4. using along GNU make / BSD make
From this thread https://forums.freebsd.org/threads/48534/, the moderator answered :
"It's quite common on FreeBSD to use devel/gmake. A lot of ports use it."
So my question is : Could I have 2 "Make" available in same time and switch between both.
And if yes, what is the procedure to do so; and at last can I build a library with one and use it in project built with the other ? 

Hope you could help.
Olive


----------



## ShelLuser (Jan 31, 2017)

Olivier Rassemusse said:


> So my question is : Could I have 2 "Make" available in same time and switch between both.


By default you'll have make included in the base system (/usr/bin/make) and to get a good impression on what it can do all you have to do is check the make(1) manualpage.

GNU make (the "Linux variant") is no different from any other 3rd party software. It can be installed through the Ports collection or using online repositories.

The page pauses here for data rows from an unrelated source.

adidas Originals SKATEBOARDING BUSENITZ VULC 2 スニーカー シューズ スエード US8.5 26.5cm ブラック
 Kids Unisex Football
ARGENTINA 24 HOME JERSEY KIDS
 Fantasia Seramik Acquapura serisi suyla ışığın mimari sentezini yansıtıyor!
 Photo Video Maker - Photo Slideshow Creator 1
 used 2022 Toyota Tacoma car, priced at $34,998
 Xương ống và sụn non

It would be installed as /usr/local/bin/gmake and as it's name implies it'll be easy to switch between the two.

Look into devel/gmake.


----------



## fnoyanisi (Feb 1, 2017)

Some reading on BSD make; one from NetBSD folks and another online document about pmake/bmake (a bit outdated, but it's fine).

Of course, the best reading is the make (1)manual page. I would recommend having a look at style.Makefile(5) as well.


----------